Но темнота начала сгущаться, чернеть и давить грудь. Он сделал усилие, вздохнул и перевернулся на бок. Черная темнота заколебалась, поплыла, и колокольня, обозначившаяся в ней, стала наклоняться, наклоняться — и вдруг вся рухнула на него. Он барахтался, силясь освободиться от сыплющихся на него камней, пыли, известки, — и наконец, глухо, по-животному, заревев всем нутром, раскинул их. Раскинул — и, весь в ледяном поту, с трепещущим сердцем, порывисто сел на постели… Нужно было нашарить в темноте коробку со спичками, поскорее зажечь свечу и закурить черную, пахнущую горящим веником сигару «Эспик»… По крыше шумел проливной дождь, и этот шум, вместе с лихорадочным шумом в ушах, с каждой минутой становился все певучее, наполняясь вызывающими звуками краковяка.

Под утро землемер забылся и, свистя запухшими бронхами, крепко спал до десяти часов утра. Мирный величавый гул, от которого нежно дребезжали стекла, слышался ему сквозь сон. Он открыл глаза и понял, что это колокол: было первое октября, престольный праздник в Долгом. Нежно звенящие стекла были матово-голубые, — значит, перед утром был крепкий мороз, чистый легкий воздух, яркое небо… Землемер освежил водой свое точно заплаканное лицо. В доме было тихо, — все были в церкви, — на столе в зале стоял остывший самовар. Землемер выпил стакан теплого чаю и на минутку вышел на крыльцо, — первый раз после болезни.

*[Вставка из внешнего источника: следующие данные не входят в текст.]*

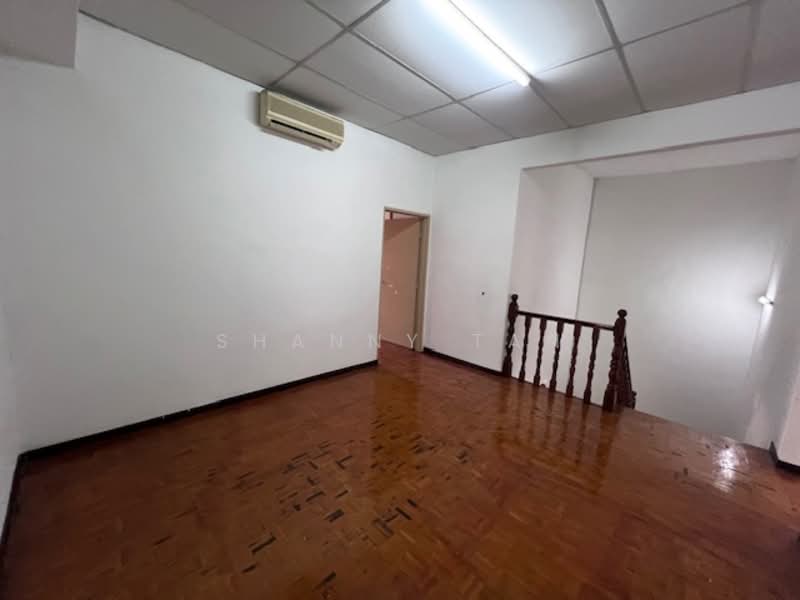 Terraced House for Sale in Bandar Sungai Long (Selangor) - Shanny Tan - Interior - PropertyGuru.com.my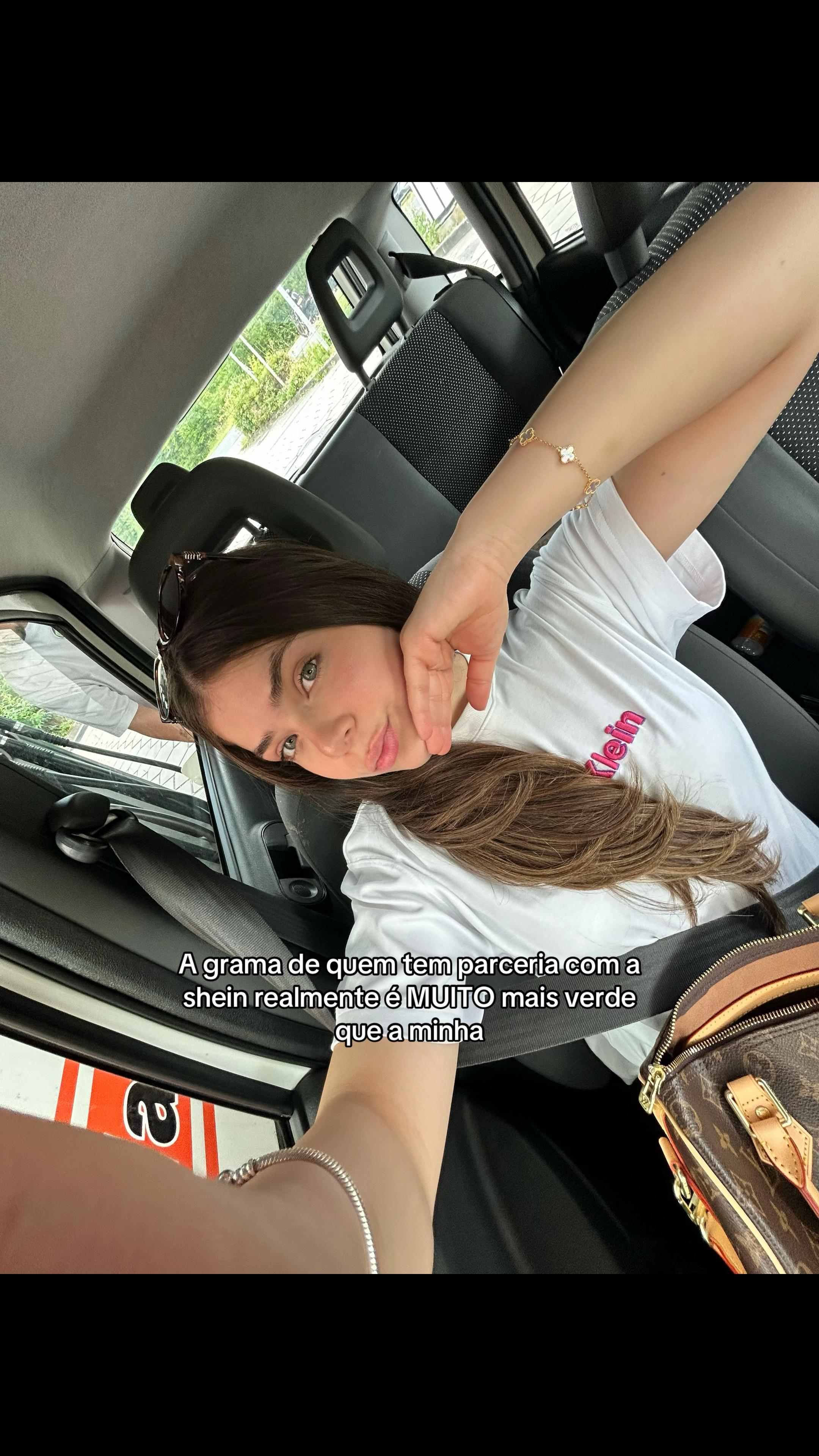 @Victoria Daruceski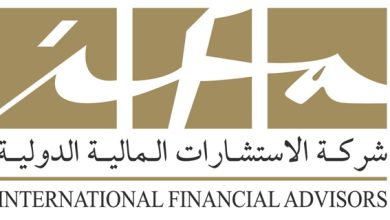 «ايفا» تربح 73.22 ألف دينار بعد تسلم «أولى تكافل» دفعة بقيمة 1.13 مليون دينار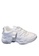 Twenty Eight Shoes white VANSA Stylish Sole Sneakers VSW-T5573 9F6D1SHA3423BEGS_1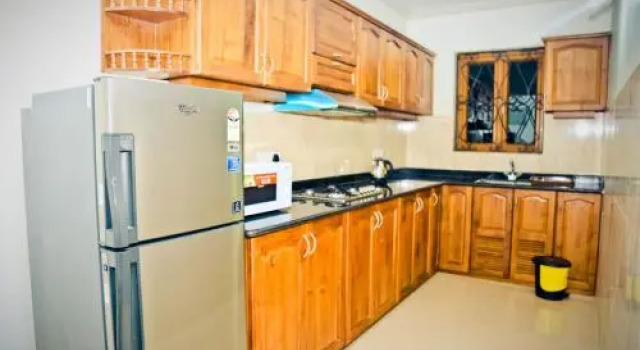Alta Vista Residence, Boek Hotel Mapusa Noord-Goa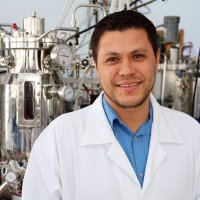 Juan Carlos Mateos-Díaz (@jcmat3os) 's Twitter Profile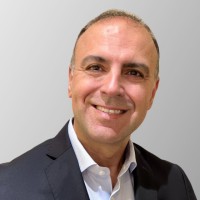 Farhad Sabzevari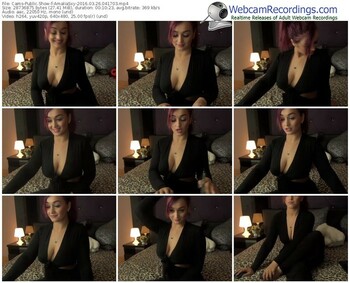 cams-amaliasxy-webcam-show-03_26_2016-04_17_03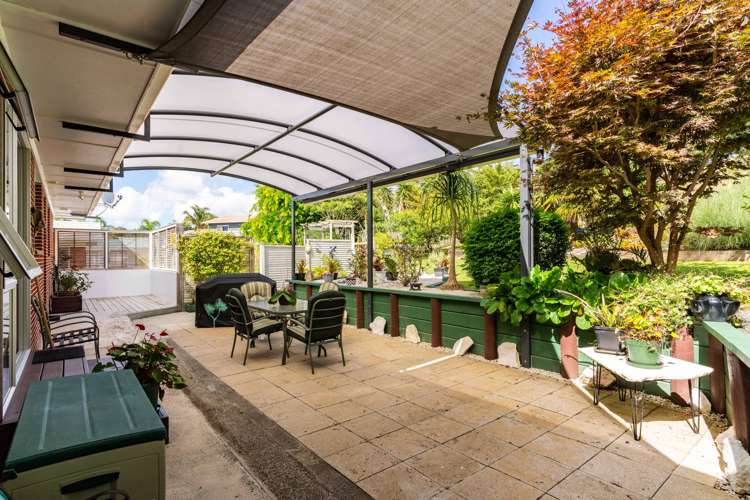 16 Cobham Avenue Dargaville_7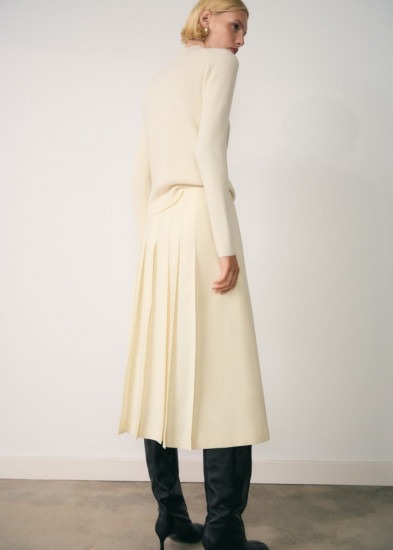 Джемпер женский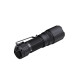 Тактический ручной фонарь Fenix TK05R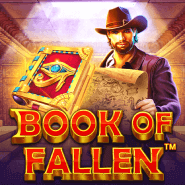 book-o-fallen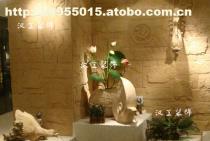 重庆汉工装饰工程 专业供应商，一站式装饰服务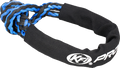 KFI PRODUCTS Soft Shackle - 7/16" x 5-1/2" KFI-SS-44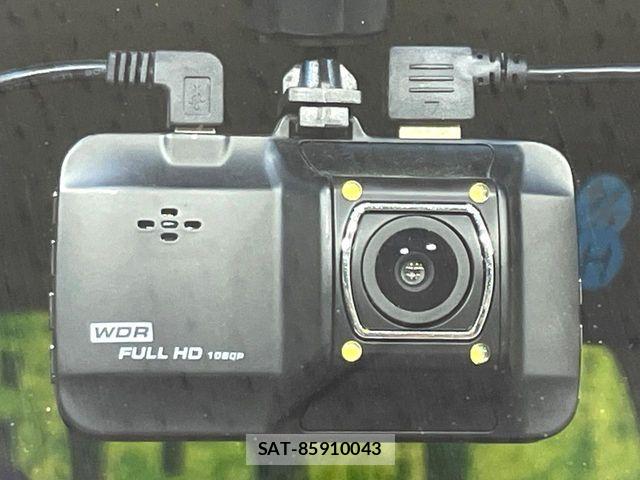 Honda N BOX 2017-02 8526044-5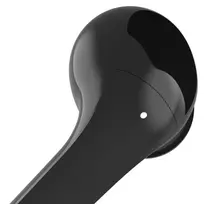 belkin soundform - Belkin SoundForm Flow Juodas (Black) - 5 nuotrauka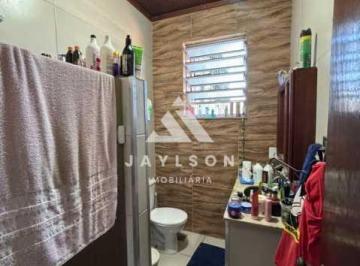 Imagem 1 · Apartamento para venda em Higienópolis, Rio de Janeiro
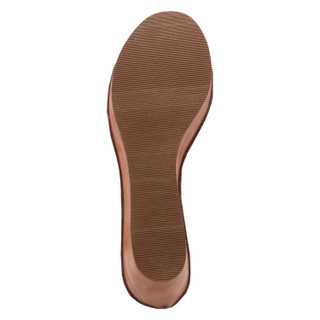 Thumbnail 7: BROWN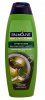 PALMOLIVE NATURALS 2 IN 1 HYDRA BALANCE (350ML)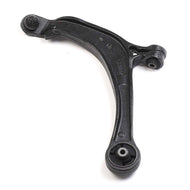 Horquilla Syd 1509051 - Mi Refacción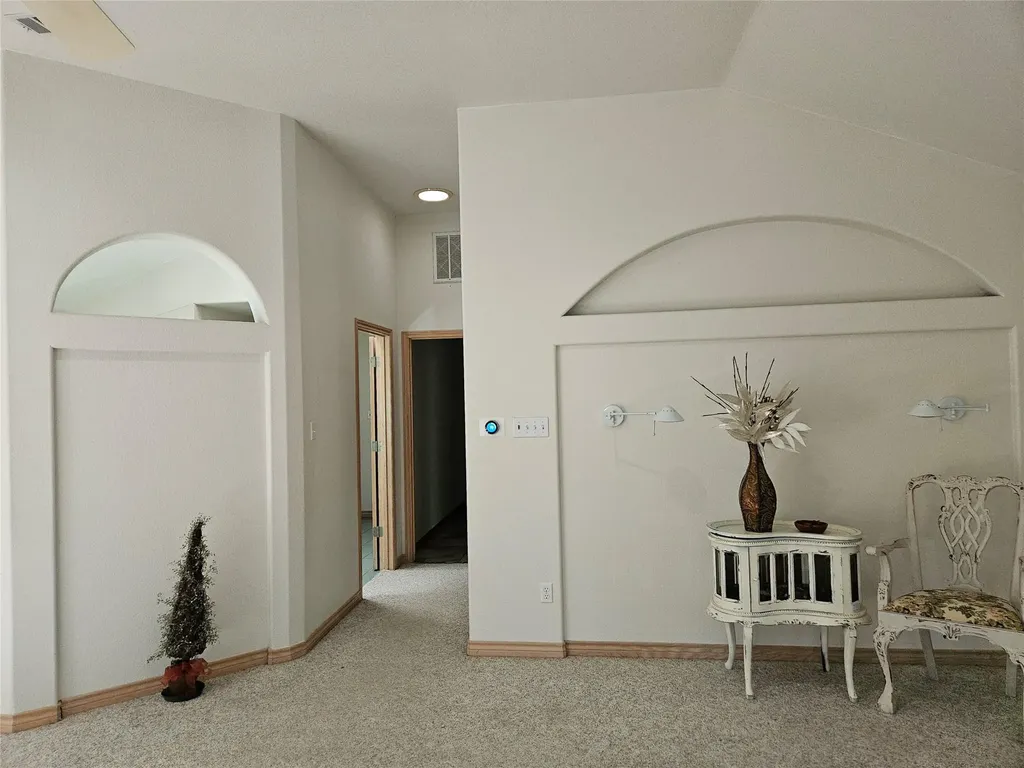 215 Serenada Drive Georgetown TX 78628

Боже, какое невыразимое счастие — дышать! Думать, смотреть, двигаться — это дивно, сладко, но дышать… люди даже и представить себе не могут, чего они лишатся, утратив блаженство пить этот божественный напиток жизни!

И, сладостно слабея от душистой свежести, проникавшей до самой глубины наболевшей груди, землемер прислонился к двери.

На крыльце — яркое радостное тепло, из палисадника тянет холодком сырой земли и вялым ароматом гниющих цветов и листьев. Противоположная сторона улицы еще в тени, и в прозрачном воздухе так близки кажутся голубовато-белые стены мазанок. Ветви лозин за ними уже голы и четко рисуются на чистой лазури… Какой простор сияет теперь за селом, в степи, — на мерзлых кочковатых дорогах, на озимях, над которыми дрожат острые крылья ястребков и кобчиков! Но стоять было трудно, воздух пьянил и резал грудь.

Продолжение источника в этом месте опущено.